The United States of America was founded on classical liberalism. The Founding Fathers—despite many debates on the details—preached a system of liberal neutrality, free markets, and “liberty.” This system is a radical departure from premodern and Christian values and is based on fundamental errors about the purpose of law and the meaning of freedom.
Pope Leo XIII clarifies the confusion around “freedom.” True freedom is the freedom for the Common Good. Those who seek virtue, “far from having suffered loss of liberty, enjoy that fuller and freer kind—that liberty, namely, by which Christ hath made us free” (Testem § 15).
In another encyclical, he reminds us that the purpose of law is to lead people to virtue: “In a free State, unless justice be generally cultivated, unless the people be repeatedly and diligently urged to observe the precepts and laws of the Gospel, liberty itself may be pernicious” (Longinqua Oceani § 15).

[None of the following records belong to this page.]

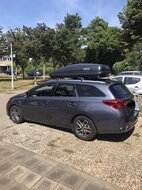 Dakkoffer Hapro Traxer 6.6 Antraciet + dakdragers Bmw X6 (F16) 2015 t/m 2018 voor gesloten dakrail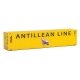 45′ CIMC Container - Assembled -- Antillean Line (yellow, black, blue, red), HO, Walthers SceneMaster 8551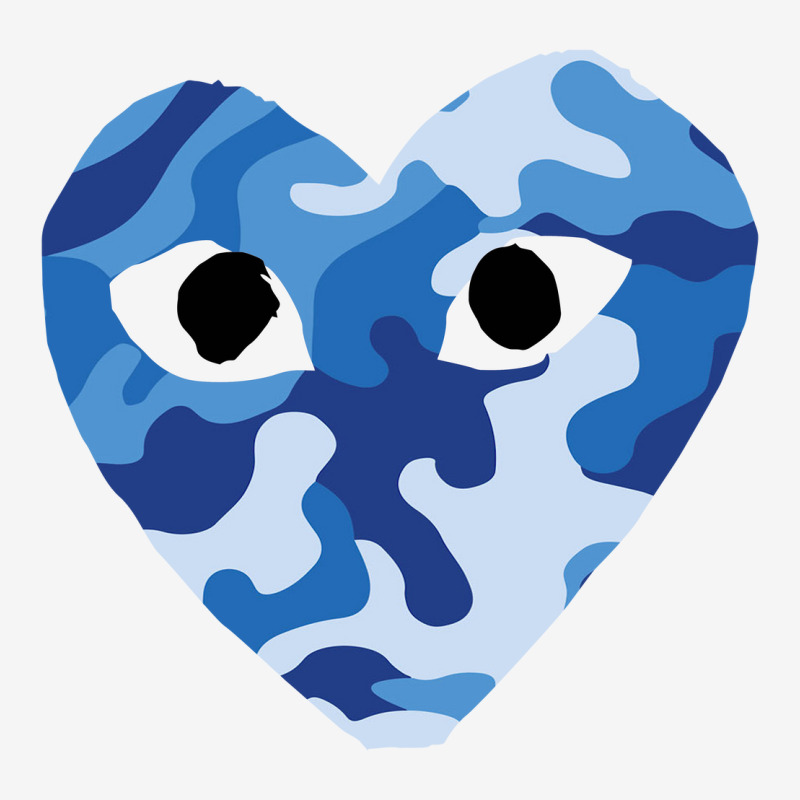 Heart With Eyes Blue Camo Rear Car Mat | Artistshot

In the days of Pope Leo XIII, some Catholics in America were actively preaching these errors of Americanism. But his encyclical was sent to all the American bishops, warning that even a passive acceptance of Americanism was a dangerous departure from the Gospel.
We cannot consider as altogether blameless the silence which purposely leads to the omission or neglect of some of the principles of Christian doctrine, for all the principles come from the same Author and Master, ‘the Only-begotten Son, Who is in the bosom of the Father.’ They are adapted to all times and all nations, as is clearly seen from the words of our Lord to His apostles: ‘Going therefore, teach all nations; teaching them to observe all things whatsoever I have commanded you, and behold, I am with you all days, even to the end of the world.’ (Testem § 4)
He concludes: “From the foregoing it is manifest, beloved son, that we are not able to give approval to those views which, in their collective sense, are called by some ‘Americanism’” (Testem § 18).
Elsewhere he notes that despite the growth of the Church in America at that time, “it would be very erroneous to draw the conclusion that in America is to be sought the type of the most desirable status of the Church, or that it would be universally lawful or expedient for State and Church to be, as in America, dissevered and divorced” (Longinqua § 6).
This brings us to the ultimate error of Americanism: an acceptance—and often a full embrace—of capitalism.
In Peter Maurin’s Easy Essays, he says that the Church must not play “a waiting game” but will “have to use some of the dynamite inherent in her message.” He notes that “Modern society has separated Church and State but it did not separate the State from business. The State is no longer a Church’s State. The State is now a Business Men’s State.”